Frente a los nuevos imperativos de eficiencia, a las nuevas normas de salud y a la oferta infinita de objetos plus de goce, el sujeto postmoderno, a la deriva de los acontecimientos que sacuden cada día su precaria subistencia, no puede orientarse en su relación a la verdad. Horadada la verdad religiosa, sólo pervive la verdad científica, por definición asubjetiva. Se siente culpable entonces de su cuerpo, que se manifiesta insurrecto a la deseable armonía, inhibido ante las satisfacciones múltiples que el mercado publicita. Razón por la cual el cuerpo puede volverse también persecutorio, por no inclinarse ante la promesa de felicidad que ofrecen las pantallas publicitarias.
El sujeto hipermoderno, condenado a la soledad, sin conseguir alojarse en un discurso que le suministre un orden verdadero con el que nombrar lo real, carga sobre sus espaldas con el sentimiento de culpabilidad por su impotencia, sus incapacidades, su fracaso en dominarlo con el mango, con el pensamiento. El cuerpo no se pliega fácilmente al equilibrio de las cantidades, a las cifras de las tecnociencias. Los afectos que lo conmueven y deleitan no se dejan atrapar en grillas psicológicas ni con las fórmulas de los psicofármacos.

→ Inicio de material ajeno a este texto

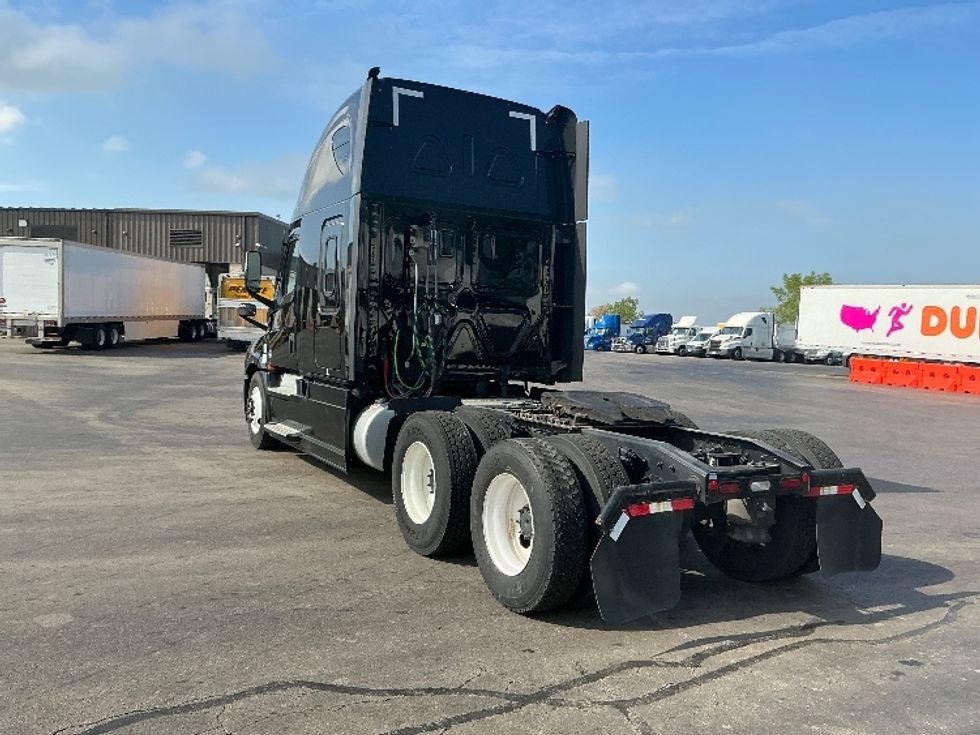 Sleeper Tractor-Heavy Duty Tractors-Freightliner-2022-T12664ST-East Chicago-IN-382,973\n\t\tmiles-$ 80,250 - Image 5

En este difícil panorama que ofrece el estado actual de los discursos, el arte y el psicoanálisis se perfilan como dos vías posibles para tratar lo real. También como dos maneras de responder al discurso del amo actual y a sus efectos mortificantes. Algunos de los artistas antes citados admiten explícitamente que sus escenificaciones están destinadas a causar la palabra, a “dar que hablar.”

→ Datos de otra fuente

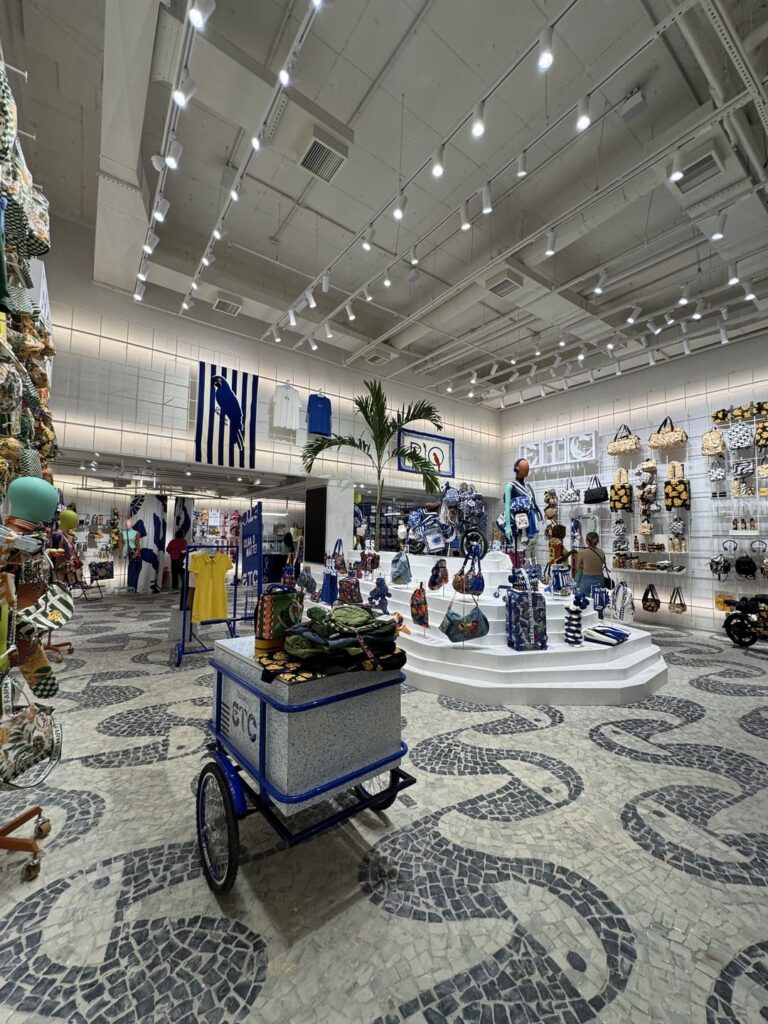 Santa Irreverência - Farm ETC – Rio Design Barra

En el capítulo El saber y la verdad del Seminario Aún Lacan elogia a Descartes por haber interrogado el saber como nunca antes. El paso siguiente, el vuelco freudiano, constituye un hecho de caridad por haber permitido “a la miseria de los seres hablantes decirse que, por el hecho del inconsciente, hay algo que les trasciende, el lenguaje” . Una vía en la que, por medio de la palabra, el sujeto consigue descifrar las marcas de goce de su cuerpo para hacer con ellas su ser de deseo, a sabiendas de que las significaciones de la vida dependen de la relación del ser hablante con la lengua que habla, que siempre es particular. Gracias a la operación del síntoma, el ser hablante puede habitar una dimensión del cuerpo en la que vivir y de la que gozar así como también, darse un partenaire de su condición mortal y sexuada.